Bom, nenhum dos que referiu me incomoda, mas há bichos que me arrepiam, tal como as iguanas, embora sejam pacíficos e as aranhas peludas.
Perante os que referi, acho que um pau achatado na ponta resolve o problema, caso eles se dirijam para mim...
Tretices grandes para Si.
http://tretas-da-vida.blogs.sapo.pt/
Gosto imenso de aranhas. Ficava horas a vê-las construir as suas teias, porque me fascinava a sua argúcia. Quanto a ratos, tive que conviver com gordas ratazanas durante a minha estadia em Mafra, por isso me habituei. Em relação às cobras, gosto de as ver ... ao longe, ou mortas!

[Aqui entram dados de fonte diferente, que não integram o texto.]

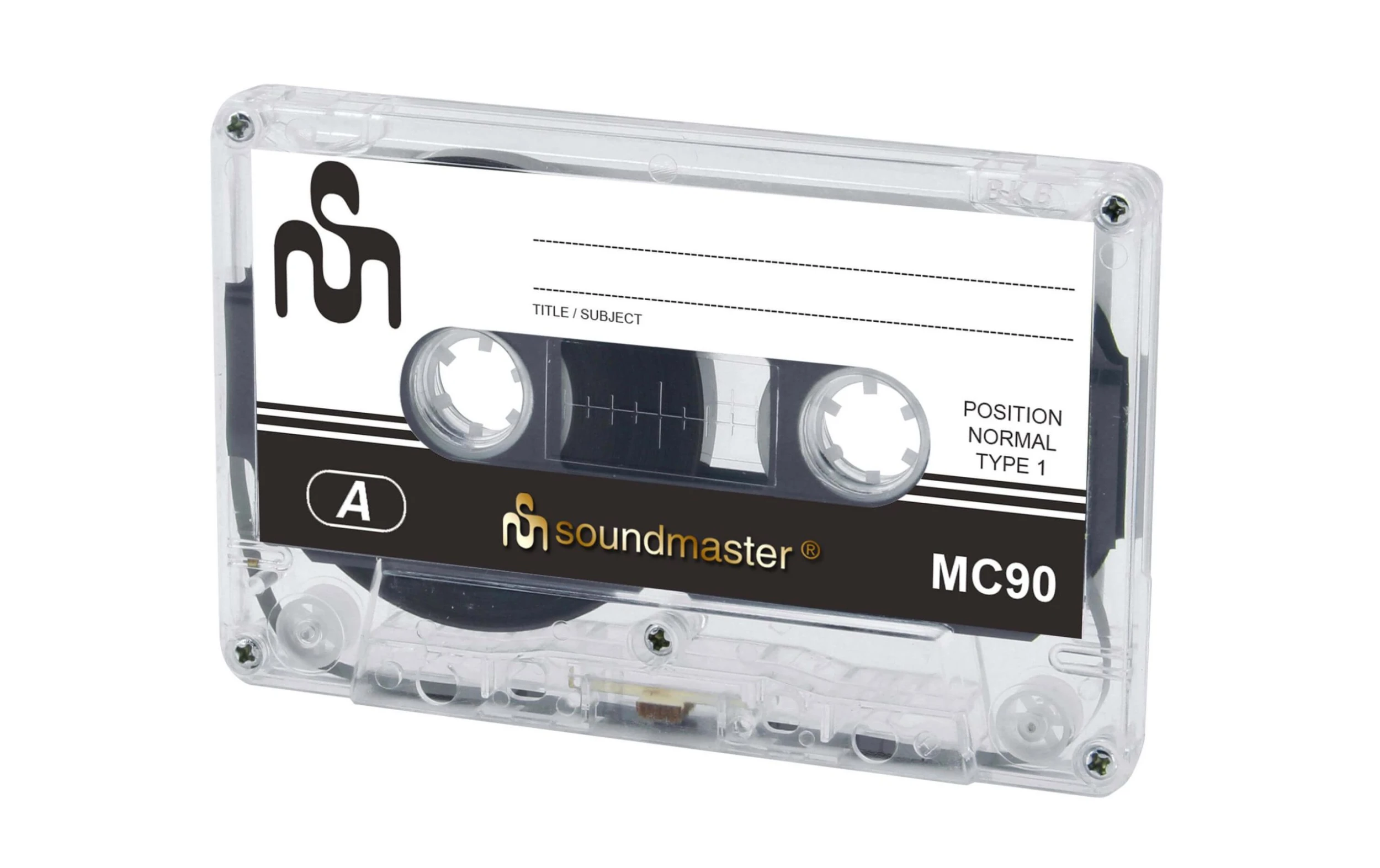CE-Scouting CE Audio-Cassette Soundmaster MC90 Paquet De 5 - AV + Récepteur ⋅ Composants Hifi 4 CE-Scouting CE Audio-Cassette Soundmaster MC90 Paquet De 5 - AV + Récepteur ⋅ Composants Hifi – Image 2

Ah! Mas sabe o que mais adorei neste seu post? Foi a cave! Em minha casa tínhamos uma cave exactamente assim, onde fazíamos exactamente as mesmas coisas de que a Si fala. Os aquários, numa das salas, eram a maior atracção para todos. Ainda hoje existem, mas os peixes que agora lá habitam, já não têm a alegria dos meus tempos de infância/juventude.
Credo, que horror, vá de retro.
Odeio aranhas peludas, centopeias de mil patas, cobras silenciosas e bífidas.
E conheço tantas….
Costumo dar-lhes com os meus quatro cascos e com a indiferença quando olho para o céu para ver onde vai parar a minha flecha.
Blhéck Si!
E BARATAS VOADORAS E LUSTROSAS???????????????

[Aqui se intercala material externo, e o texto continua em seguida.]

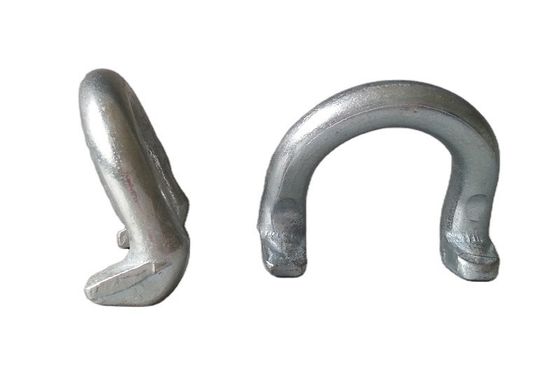 2000KN M.B.L Tension Hot Dip Galvanized 1.5 Ton ISO Dry Cargo Shipping Container Spare Parts and Accessories Lashing D Ring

Adeus, fui-me, evaporei-me!
Velvet,
Acredite que é mais fácil tocar numa cobra a sério do que conviver com as 'tais' que rastejam...

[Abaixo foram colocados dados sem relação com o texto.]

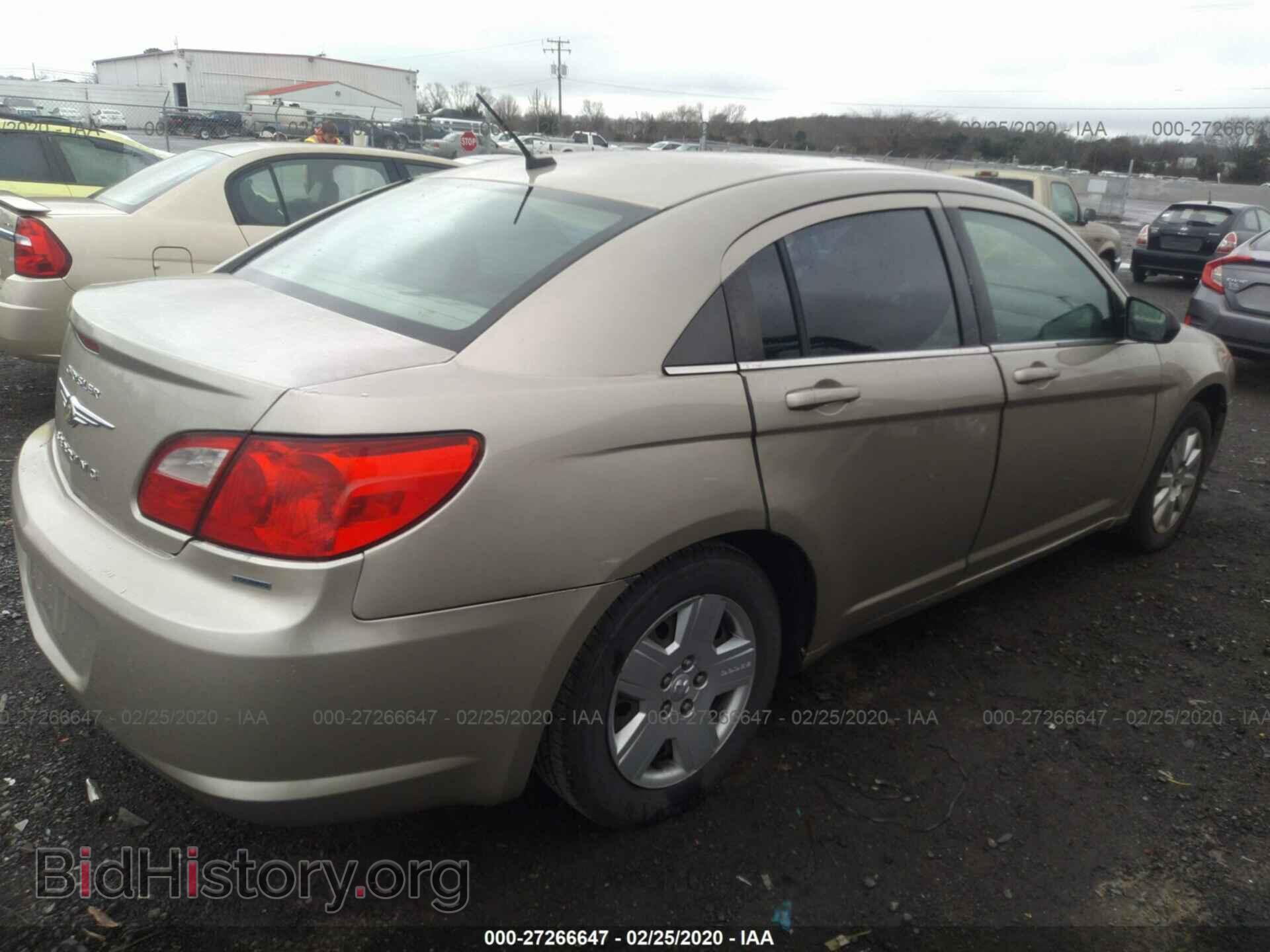 2009 CHRYSLER SEBRING - VIN: 1C3LC46B99N567154 - Фото 4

E se conseguisse fazê-lo, veria que a sua pele é delicadíssima e de uma maciez impressionante, sem qualquer pingo de viscosidade.
Tal e qual, como se estivesse com uns 'Manolos' na mão....
rsrsrsrs
Gi,
Longe de mim enaltecer venenos, que desses tenho, como qualquer pessoa, um medo terrível! Falo é do medo irracional, à nossa escala, claro, e como é lógico os animais em que peguei, não foram propriamente encarados num ambiente completamente selvagem, mas sim controlado, em jardins zoológicos ou shows de animais, em que os mesmos não são domesticados, mas também estão bem alimentadinhos!!!
Pedro,
Dos ratos também tenho nojo. Ou melhor, não é dos ratos em geral, mas sim das ratazanas, pelo ambiente em que vivem, pela porcaria que lhes está associada, e dessas, as caudas é que são mesmo nojentas....
Mas não posso dizer que tenha fobia delas.
Ka,
Foi um processo gradual, tive que me auto convencer disso, e preparei-me psicologicamente para esse fim, ou ainda hoje acompanharia a minha filha nos saltos e gritos que ela dá quando vê uma aranha, nem que seja em fotografia!!
Quanto a ratos, ratazanas, em especial, já disse ali ao Pedro que as caudas também me causam um nojo incrível.
Tretoso,
E como é que acha que era a aranha com que eu deparei lá na minha cave? Parecia irmã gémea da que pus no cimo deste post, juro-lhe!
E antes de me revoltar contra a fobia, nem pau achatado, nem vassoura, nem nada me valia...era mesmo fugir a sete pés!!
Carlos,
Ainda é um espaço fantástico, em casa dos meus pais. Vantagens de pertencer a uma família numerosa e de ter uma casa grande...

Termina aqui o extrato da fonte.